楚陽“哦”了一聲,道:“那我為什么來到這里?”
白衣青年有趣的看著他:“你剛才不是還以為自己在做夢?”
楚陽笑道:“但我現在能肯定不是了。”
白衣青年很有興趣的問:“為何?”
“因為如果是我自己做夢,暫時的我,只怕還做不出這種夢。”楚陽嘿嘿一笑,坦然說道。
“夢非真實,一念起而一念生,你怎知你做不出這樣的夢?”白衣青年也呵呵笑道,就像是和老朋友在聊天,隨意隨和,聲音溫煦。
“夢中所見,若非人為,當為自身眼界所限,以我所歷所見所知,斷斷無能恢弘至此,嗯……跟您商量個事唄?”楚陽奇峰突起、
“怎么說得好好地,突然來這么一句,什么事啊?”白衣少年有趣的問道。
“您能別那么看我么?”楚陽說出一句貌似很耐人尋味的話。
“嗯?看你!我怎么看你了?”白衣少年這次是真正有些不明白楚陽的話了。
“你的目光實在太犀利了,仿佛能看穿我的一切,一切啊,那個五臟六腑元靈元神什么也就罷了,我的那個啥也都被您看光了,老爺們看老爺們雖然不算什么,但也是很那啥不好意思的,您看您是不是收斂點……我畢竟不是女人……”
楚陽嘿嘿一笑:“我這人一向很害羞的……”
白衣青年聞言一愣,隨即哈哈大笑。笑得歡愉之極:“你這孩子,的確有趣,實在是太有趣了!此言之前。竟不知你是這么有趣的孩子!”
孩子……?
楚陽一頭黑線。
看這家伙的面貌,貌似比自己也大不了幾歲,居然就這么自然而然的對自己稱呼……孩子?
看面貌的話,我比你還大些好的吧?
“咳咳……回歸原問題,我怎么會來到這里?”楚陽忽略了被人叫‘孩子’的問題;鍥而不舍問道。
他知道,這話題不能討論,眼前這家伙雖然看著年輕。但卻絕對是不知道多少歲月的老怪物……
一旦論起來,自己這個‘孩子’的身份可就徹底的落實了……那樣就太傷自尊了。要是你變個白胡子的形象,還能接受一些。但……這么嫩的臉,叫我孩子……

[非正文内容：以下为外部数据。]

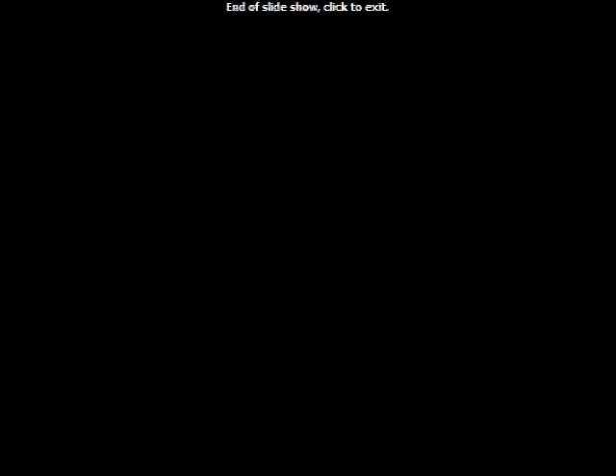Please visit our website at highwaymotor.com. Thank you.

“因為,我想看看你。”白衣青年淡淡道:“所以,你就在這里了。”
楚陽:“呃……”
這話說的。貌似越來越那啥了……
你想看我。我就得來?不管什么時候?
似乎看透了楚陽在想什么,白衣青年微笑:“是的,我想看誰……他就會出現在這里。不管他生,還是死,也不管他在什么世界……只要在這片天地之間存在,就是我心念一動。”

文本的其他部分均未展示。